General Instructions

Instructions

1. Teams will be created and they'll choose one station

  • Choose roles :
  • Moderator : Keeps track of time and ensures the group stays on task.
  • Theory curator: Has the readings and resources and looks for specific quotes/info to fulfill the task
  • Designer/ publisher: Takes the lead in shared desiging tasks and prepares to post the group’s work on our Padlet page.
2. You will work on your station and each station for 15 minutes (make sure all team members have access to your answers/products/reflections. 3. Jigsaw sharing: New groups will be created (1 member from each station) and you will share your work! PADLET LINK:

Naming as Praxis: Latinx / Latine

Many of the readings we have explored highlight ongoing conversations between gender and language, and this makes us think about the latine process of gender/gender identity and its relation to language practices as a threat or way to survive. Thus, names aren’t neutral. As Muñoz reminds us, naming often pushes us to perform what’s legible to power (he calls this coercive mimesis) or to make space for an otherwise way of being/knowing that doesn’t fit ready-made scripts (otherwiseness). Moraga’s call for a “new language” is one such otherwise move. The Latinx/Latine debate is a live test of all this.

TO DO

Instructions: 1.Skim this resource 2.Each member of the group chooses 2 of the LGBTQ+ experiences and skims them. 3.Using Muñoz & Moraga's lens: • Discuss benefits and risks of Latinx and of Latine encounter within these language practices (think: anglicization, pronounceability, inclusivity, transnational use, class/race dynamics).
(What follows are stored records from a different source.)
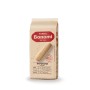 Bonomi Savoiardi Biscuits - ladyfingers  - Pacco Italiano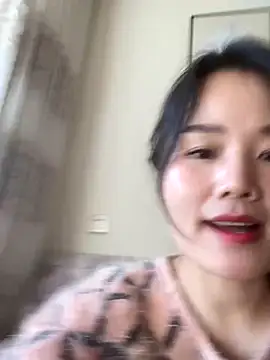 Snapshot of Mier-cn chatting on 12/05/25, 06:45 Mier-cn online show from 12/05/25, 06:45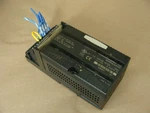Ge Fanuc Plc Module IC200ALG432C. Fixed Price $250.99.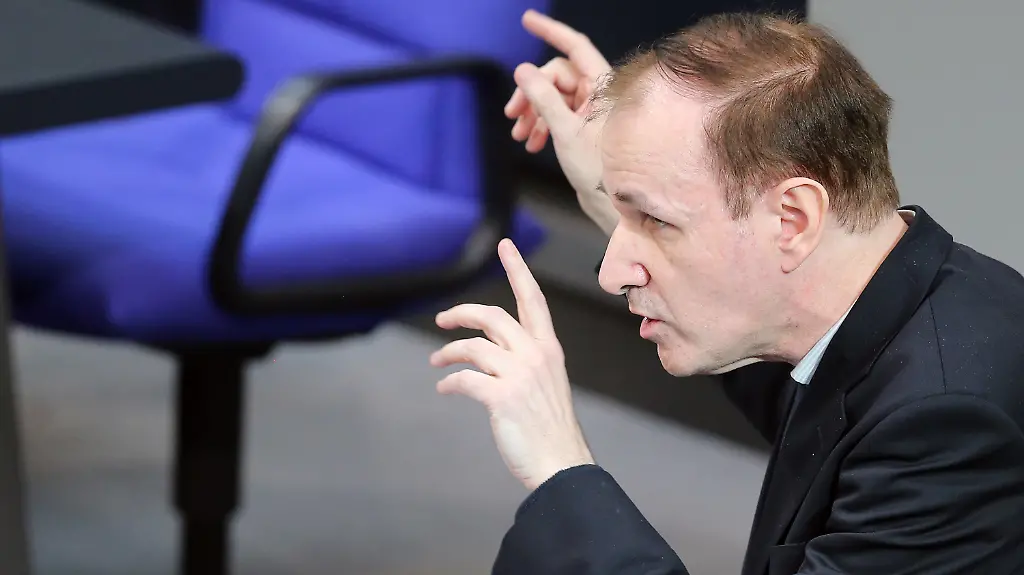 f8fcbd84a4d7379eb031a851edafbfeb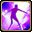 BARD DANCEA CLERIC B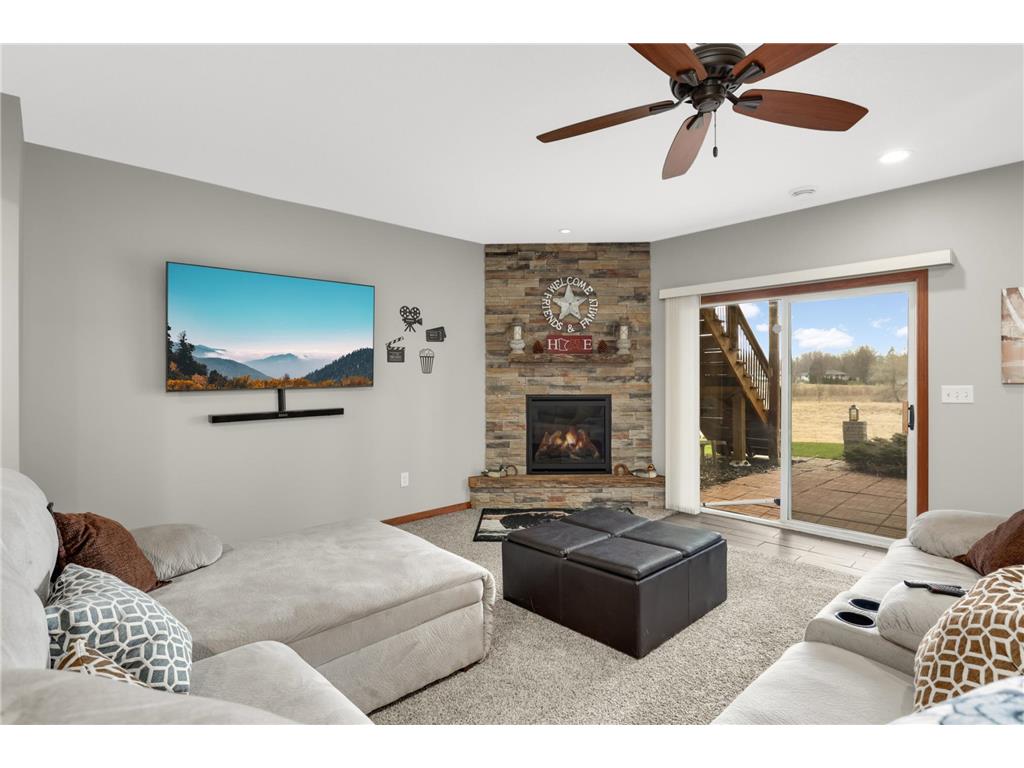 3900 Meadowview Terrace Saint Bonifacius MN 55375 7055071 image28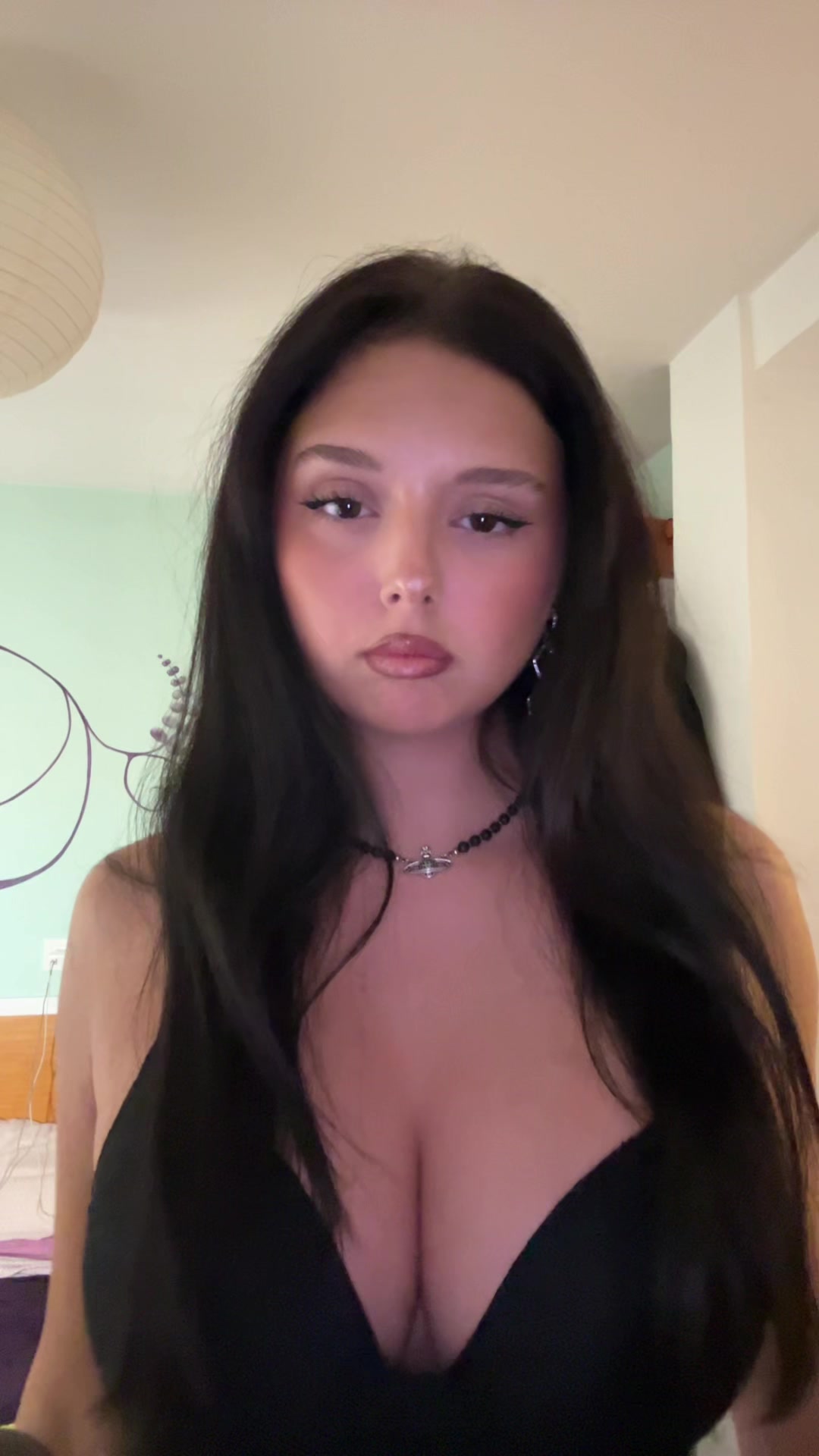 @Marta🪭📿🪩🥟🌛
How do our naming choices (Latinx, Latine, Latina/o/e, another term) balance fitting in vs. making room? Who becomes legible, and on whose terms?

Otherwiseness & Art as Resistance

"Write with your eyes like painters, with your ears Iike musicians, with your feet like dancers. You are the truthsayer with quill and torch. Write with your tongues of fire. Don't let the pen banish you from yourself. Don’t let the ink coagulate in your pens. Don't let the censor snuff out the spark, nor the gags muffle your voice \But your shit on the paper." (Anzalduá, 2009, p. 5)
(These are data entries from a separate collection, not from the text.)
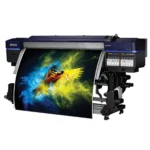 EPSON_SureColor_SC_S80600_Bird_1200x1200.jpg
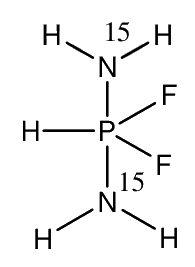 Question 71 image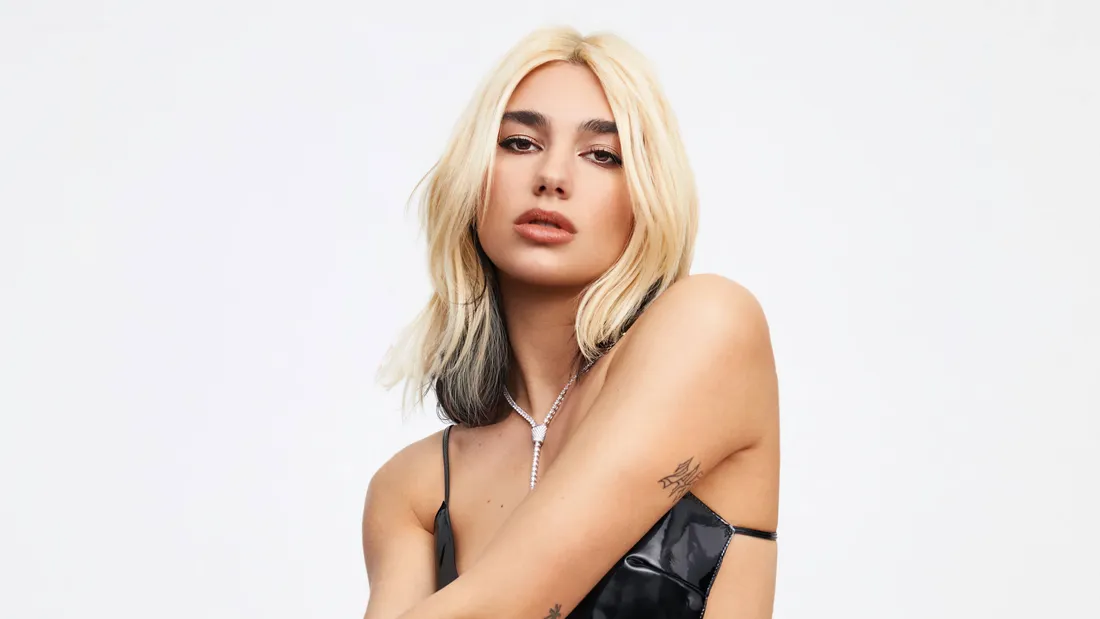 Hair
Starting from otherwiseness (Muñoz), how can you connect Anzaldúa’s “Tongues of fire,” Moraga’s view on faith, and bell hooks’s erotic to reimagine what counts as knowledge and whose voices become legible? What shifts in relations, norms, and forms would be required to make more livable worlds possible, and what practices of care, coalition, or erotic attention would anchor them?

Create a small piece of art that connects otherwiseness to writing, faith, the erotic. You may write (poem, letter, fragment) or use the materials provided (colors, markers, , play dough) to craft a visual/tactile work.

TO DO
Visual Thinkers

If, following Muñoz, “reason” is de-universalized, how do the concepts of otherwiseness (Muñoz), anglicization / faith (Moraga), and invisibility/tokenization & language policing (Anzaldúa) reconfigure what counts as knowledge and animate affect-driven resistance?

Create a mind map / flow chart / sketchnote that answers the question by tracing the concepts across the three authors and naming the new criteria for knowledge your synthesis proposes.